一方、同じように有価証券報告書への記載が追加された「人的資本、多様性に関する記載」については、開示内容は企業に一任されており、多くの企業が頭を悩ませているようです。
内閣府が公表している資料(※1)によれば、投資家が企業の中長期的な投資・財務戦略において重視すると答えた項目の第1位が「人材投資」とされています。また、企業のCFOが企業価値に大きな影響を与えると考えるサステナビリティ関連課題は「人的資本の開発・活用」が77%と最も高く、「気候変動(69%)」を上回る結果になっていて、企業に対する人的資本に関する開示ニーズの高まりが判ります。
では、企業はどのような観点からの情報開示を心掛けるべきなのでしょうか?
現在の日本企業における人的資本関連の開示項目は、働き方改革や女性活躍といった、一定の法制度や整備指標に準拠した項目があります(多様性、人材流動性、働き方・勤怠など)。これらについては、情報開示されていないこと自体がリスクとなり得るもので、多くの企業が積極的に情報開示項目にしているものです。
その一方で、この内閣府の資料内には、「人的資本に関し、投資家が優先的な開示を期待する事項と企業の開示情報」といった調査があり、それによれば、投資家が「経営層・中核人材の多様性の確保方針」「中核人材の多様性に関する指標」「人材育成方針、社内環境整備方針」に関する開示を期待するのに対し、企業の開示状況は、プライム市場企業であっても5割に満たないという結果になっています。
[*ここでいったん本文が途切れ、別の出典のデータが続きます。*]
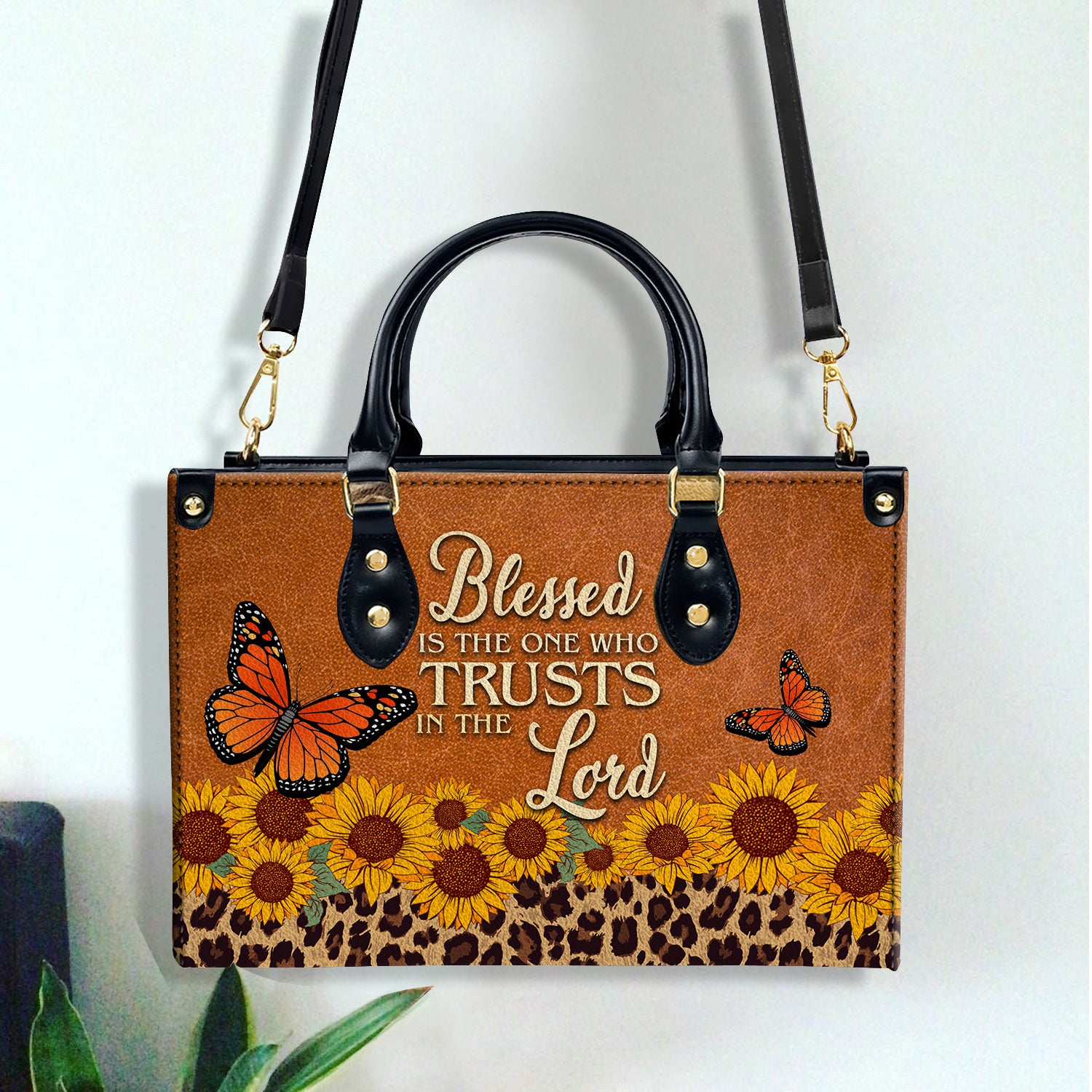 Blessed Is The One Who Trusts In The Lord Leather Handbag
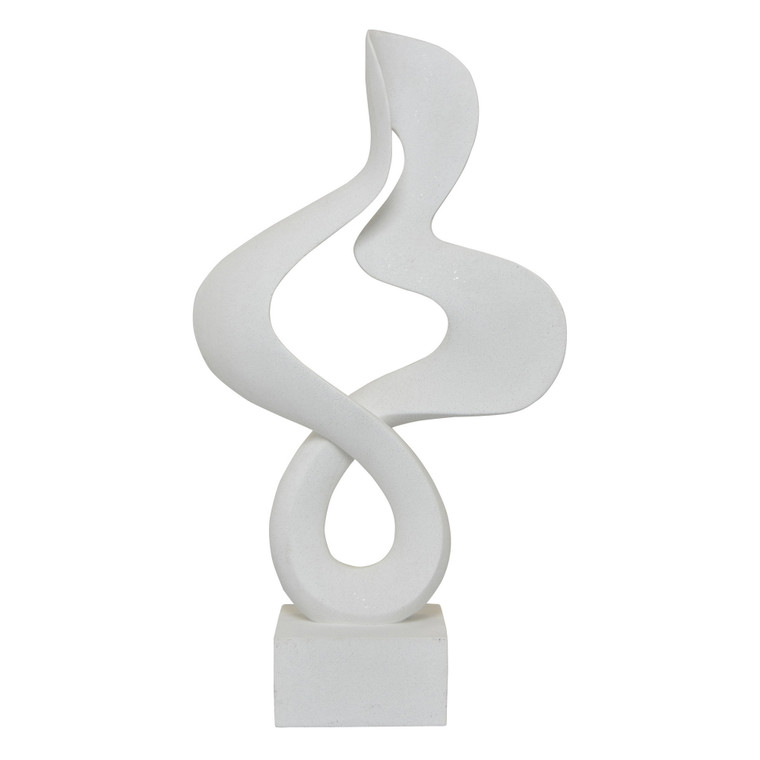 Abstract Sculpture In White Resin PBTH92718 By Plutus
人的資本に関する情報開示にとっては、このあたりがヒントになるかもしれません。
企業の人材育成やセクセッションプランの考え方、社内環境や社員エンゲージメントなど、企業において重要視するポイントが大きく異なる項目について、自社なりに必要項目や目標値を設定した上、必要なデータや情報を収集し、可視化できれば、他社との差別化や優位性を生み出し、企業価値の向上につながっていくのではないでしょうか。